The investments in digital signages are growing fast, which means that businesses need to compete for attention with others looking for viewers’ time and attention.
But this also means that standing out from the clutter of visual communication requires more than just interesting creatives – it needs to achieve several other objectives at the same time – measurability, interactivity, and also fitting seamlessly into the ambience of the environments they are placed in.
Making Digital Signage Stand Out from Infocomm International goes into a little detail on the subject.
Some very interesting insights from this report…
“Bunn says content that simultaneously brands, merchandises, promotes and improves the ambience of a location typically generates the best outcomes.”
“An integrated solution used gaze tracking to trigger or superimpose content for live playback in real-time. It also identified the gender, age, movement, and gaze duration of passersby.”
“The key, Bunn says, is to first determine business goals, then define the content that will achieve those goals, and only then select the technology that will deliver the content that will achieve the goals.”
“You need a certain amount of people passing by a location for digital signage to make sense. That’s why many deployments are in airports or railway stations, where you have huge footfall at certain times.”

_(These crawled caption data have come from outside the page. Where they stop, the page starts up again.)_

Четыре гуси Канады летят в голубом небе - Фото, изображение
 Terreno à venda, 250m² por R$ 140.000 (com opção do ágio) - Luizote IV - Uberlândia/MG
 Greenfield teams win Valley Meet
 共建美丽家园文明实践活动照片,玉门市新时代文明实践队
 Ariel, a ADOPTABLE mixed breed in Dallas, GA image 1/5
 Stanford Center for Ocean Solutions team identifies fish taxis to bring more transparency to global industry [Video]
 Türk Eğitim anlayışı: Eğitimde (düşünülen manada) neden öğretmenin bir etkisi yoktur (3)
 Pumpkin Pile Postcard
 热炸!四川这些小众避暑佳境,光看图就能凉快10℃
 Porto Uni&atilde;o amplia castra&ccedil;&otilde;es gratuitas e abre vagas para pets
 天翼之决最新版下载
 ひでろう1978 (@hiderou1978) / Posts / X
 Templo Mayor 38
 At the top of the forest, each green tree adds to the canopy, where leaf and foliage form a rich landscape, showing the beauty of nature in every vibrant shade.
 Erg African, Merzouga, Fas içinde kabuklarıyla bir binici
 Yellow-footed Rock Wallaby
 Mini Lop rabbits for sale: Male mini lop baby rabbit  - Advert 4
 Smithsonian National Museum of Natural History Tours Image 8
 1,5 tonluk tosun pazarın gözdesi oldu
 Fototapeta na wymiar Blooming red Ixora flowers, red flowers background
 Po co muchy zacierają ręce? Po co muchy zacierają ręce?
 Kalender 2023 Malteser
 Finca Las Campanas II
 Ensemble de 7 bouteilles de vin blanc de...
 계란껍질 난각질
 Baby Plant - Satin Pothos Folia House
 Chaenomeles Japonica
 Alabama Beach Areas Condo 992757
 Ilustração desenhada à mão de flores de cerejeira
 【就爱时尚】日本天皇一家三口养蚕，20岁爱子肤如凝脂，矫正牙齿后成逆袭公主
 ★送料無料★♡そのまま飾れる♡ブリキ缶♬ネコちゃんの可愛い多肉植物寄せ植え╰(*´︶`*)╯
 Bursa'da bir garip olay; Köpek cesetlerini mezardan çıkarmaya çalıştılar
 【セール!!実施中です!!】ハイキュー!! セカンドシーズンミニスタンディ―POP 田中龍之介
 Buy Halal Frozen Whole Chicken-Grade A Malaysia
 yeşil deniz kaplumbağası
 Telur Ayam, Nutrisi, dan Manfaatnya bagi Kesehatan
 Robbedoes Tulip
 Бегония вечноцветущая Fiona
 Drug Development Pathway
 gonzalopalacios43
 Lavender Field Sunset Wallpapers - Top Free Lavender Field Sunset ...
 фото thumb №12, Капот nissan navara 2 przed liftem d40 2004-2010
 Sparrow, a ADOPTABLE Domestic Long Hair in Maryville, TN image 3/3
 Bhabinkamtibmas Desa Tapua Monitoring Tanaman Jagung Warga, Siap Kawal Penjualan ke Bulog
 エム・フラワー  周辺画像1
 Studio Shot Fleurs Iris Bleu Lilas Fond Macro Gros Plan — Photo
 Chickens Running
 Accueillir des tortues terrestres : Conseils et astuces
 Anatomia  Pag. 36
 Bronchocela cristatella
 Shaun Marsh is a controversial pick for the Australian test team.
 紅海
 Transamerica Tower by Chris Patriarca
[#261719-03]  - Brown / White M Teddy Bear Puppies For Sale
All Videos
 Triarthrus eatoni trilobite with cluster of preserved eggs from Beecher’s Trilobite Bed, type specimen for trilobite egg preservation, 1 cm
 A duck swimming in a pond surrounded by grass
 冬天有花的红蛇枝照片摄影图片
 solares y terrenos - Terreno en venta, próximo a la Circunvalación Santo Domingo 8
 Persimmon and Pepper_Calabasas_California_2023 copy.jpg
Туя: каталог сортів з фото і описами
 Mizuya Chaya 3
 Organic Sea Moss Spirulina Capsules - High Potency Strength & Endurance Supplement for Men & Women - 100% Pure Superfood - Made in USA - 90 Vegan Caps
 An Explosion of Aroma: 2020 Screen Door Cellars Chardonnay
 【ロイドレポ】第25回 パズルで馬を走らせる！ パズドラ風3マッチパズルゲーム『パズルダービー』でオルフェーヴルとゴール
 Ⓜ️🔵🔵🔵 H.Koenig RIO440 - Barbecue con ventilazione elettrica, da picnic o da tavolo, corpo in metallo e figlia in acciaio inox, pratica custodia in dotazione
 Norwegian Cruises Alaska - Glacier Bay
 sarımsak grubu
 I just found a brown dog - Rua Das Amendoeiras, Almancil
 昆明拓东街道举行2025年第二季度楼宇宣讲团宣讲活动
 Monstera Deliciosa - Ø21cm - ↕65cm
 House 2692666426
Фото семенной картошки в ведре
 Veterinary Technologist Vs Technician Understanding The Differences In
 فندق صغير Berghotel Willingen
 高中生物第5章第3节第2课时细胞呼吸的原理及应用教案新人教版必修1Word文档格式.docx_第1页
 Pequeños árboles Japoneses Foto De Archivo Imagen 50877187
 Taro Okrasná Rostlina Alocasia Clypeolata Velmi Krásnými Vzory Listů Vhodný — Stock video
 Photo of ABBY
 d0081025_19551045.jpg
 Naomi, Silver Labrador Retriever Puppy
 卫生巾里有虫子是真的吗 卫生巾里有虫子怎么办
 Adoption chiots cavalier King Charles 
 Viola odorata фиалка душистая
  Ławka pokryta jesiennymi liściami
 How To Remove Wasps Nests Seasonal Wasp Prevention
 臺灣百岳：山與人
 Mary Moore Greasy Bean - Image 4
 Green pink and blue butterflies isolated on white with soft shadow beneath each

“Ultimately, a call to action is crucial for grabbing and retaining customers’ attention. “In our experience, if you have a call to action linked to a mobile device, people are more willing to share their private information with you than with a touchscreen…”
All of this leads us to believe that digital signage strategies are reaching an inflection point – and businesses looking to leverage them need to invest in innovative new technology – but while keeping their business goals firmly in mind.
The digital signage of the near future are going to feature viewer metrics, interactivity, compelling high resolution, and 3D content – all designed to engage viewers.